HIGH-FLYING EAGLES – DUDLEY, SMITH POWER BC PAST ‘CUSE

Boston College 65 – Syracuse 60

CHESTNUT HILL, Mass. – Somewhere among the hundreds of Boston College students dancing on the Conte Forum court, Eagles forwards Craig Smith and Jared Dudley shared a hug.

A cardboard sign bobbing above them said “Big East Farewell Tour.” The scoreboards on the walls around them said Boston College 65, Syracuse 60 – another sweet step on the Eagles’ send-off to the ACC.

And the tone of their postgame comments said something simple: Believe in us, America. We belong with the best.

“There was so much emotion around this,” Dudley said. “This [was] Syracuse, at home, with ESPN here. We had to win this game. We had to try to earn some respect.”

That esteem may be the lone item missing from the season compiled by the Eagles (22-1, 11-1 Big East), who, though ranked No. 6 in the country, have escaped national attention for much of the year.

There are no cover boys in the maroon and gold uniforms. There is no zillion-dollar coach on their sideline, no pedigree that makes playing in April almost automatic.

There’s only a conference player of the year favorite in Smith, a 6-foot-7, 250-pound stud from Southern California.

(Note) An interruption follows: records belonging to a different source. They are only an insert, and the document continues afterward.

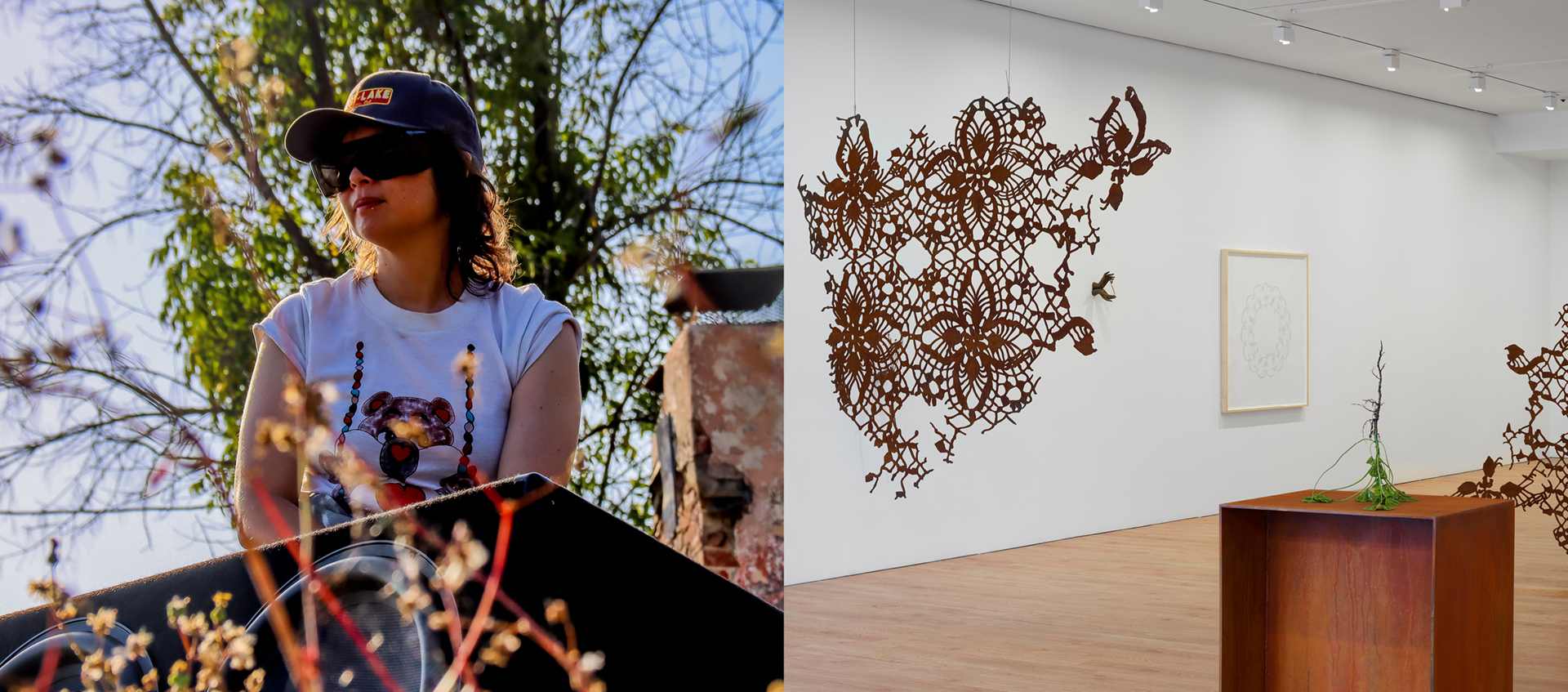 Collage image of a portrait of Kelly Akashi and an installation view of large-scale steel replicas of lace patterns and a sculpture of an upside-down plant with roots. 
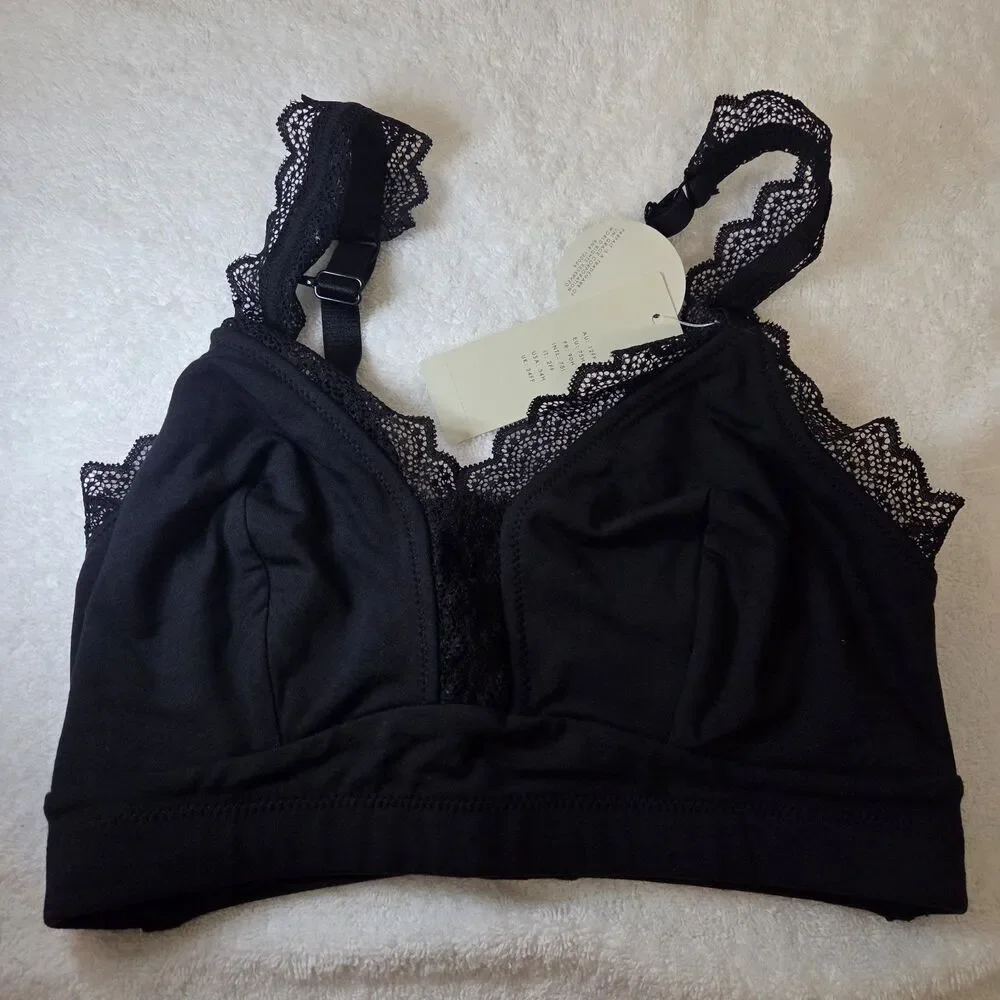 NWT Parfait Dalis P5641 Women's Full Busted Curvy Wire Free Bralette Black 34H - Picture 1 of 6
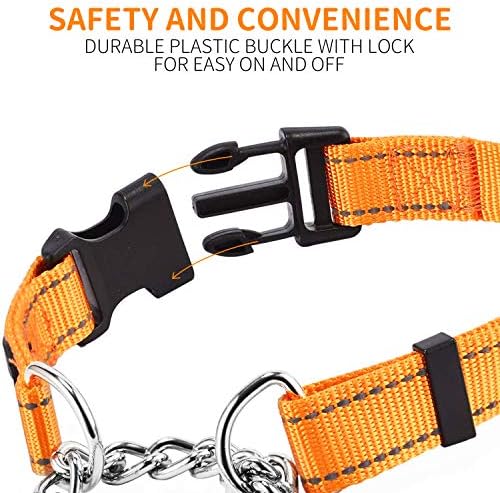PETTOM Martingale Dog Choke Collar, Safety Metal Chain, Chew Proof Strong Reflective Nylon Padded with Adjustable Breakaway Buckle (L: Neck 50-63 CM, Orange)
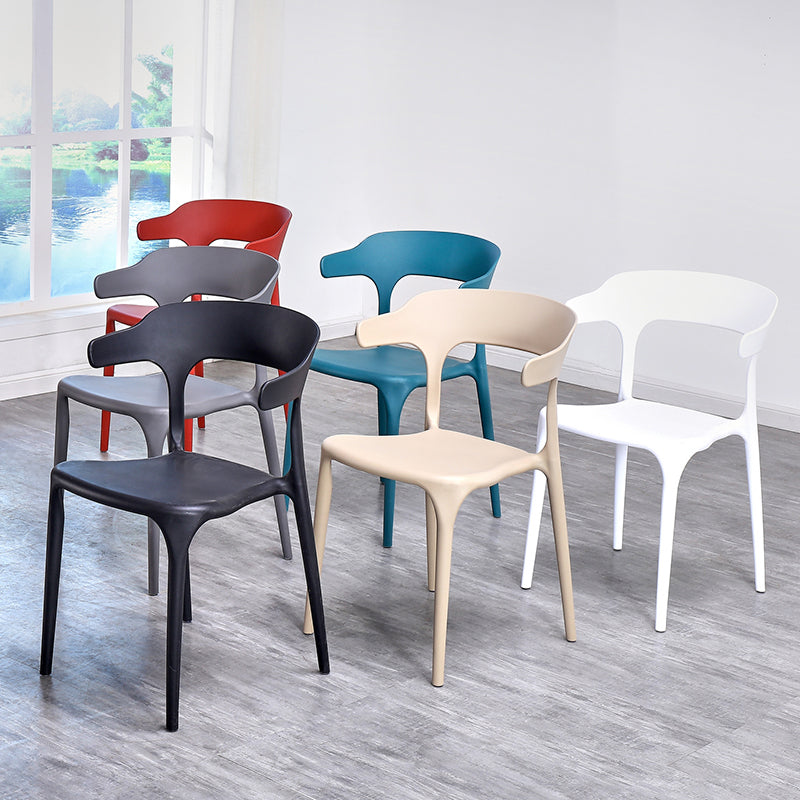 Plastic Dining Arm Chairs Kitchen Open Back Stackable Armchairs Indoor Clearhalo ' kitchen&dining_furn' 'Dining Chairs' 'Dining Tables & Seating' 'dining_chair' 'furn' 'furn_dining_chair' 'Furniture' 'furniture_dining_chair' 'Kitchen & Dining Furniture' 'kitchen' 3540061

There’s also the probable Big East regular-season champ; the Eagles hold a two-game lead over second-place Connecticut with four games left.

And there may (the polls be damned) be one of the NCAA tourney’s four No. 1 seeds when the pairings come out three weeks from today.

Last night’s victory proved the Eagles’ place among the nation’s elite, and it came in typical B.C. fashion. The hosts beat Syracuse 45-31 in rebounds and 17-4 in second-chance points, the physical play sparked by a scouting report Dudley said portrayed Orange forward Hakim Warrick as scared of contact.

“There’s nothing to look back on,” Syracuse coach Jim Boeheim said. “Except that we didn’t rebound the ball.”

Smith grabbed 15 of those B.C. rebounds, eight on the offensive end, to go with his 16 points. Dudley led all scorers with 21 points, 16 after halftime.

The Eagles shook some adversity, too. The officials slapped them with two questionable technical foul calls, the latter of which fouled out point guard Louis Hinnant with 13:37 remaining.

They overcame Syracuse’s zone defense with the superb rebounding and great ball movement, recording 19 assists on 22 made field goals.

At the other end, center Nate Doornekamp helped hold Warrick, who attempted one shot in the last 18 minutes, to 12 points. Gerry McNamara led the Orange (22-5, 9-4) with 18 points, but shot 5-for-17 from the field.

“We tried to use our strength to distract them,” Smith said. “It’s our style of play, and we always want to do that.”

It worked through last night’s final buzzer, when Dudley joined Smith in the middle of a party that may kick up again here on Chestnut Hill in late March.

“We think we’re better than every team in the Big East,” Dudley said. “You have to have a swagger when you think that, and this year, we’ve got it.”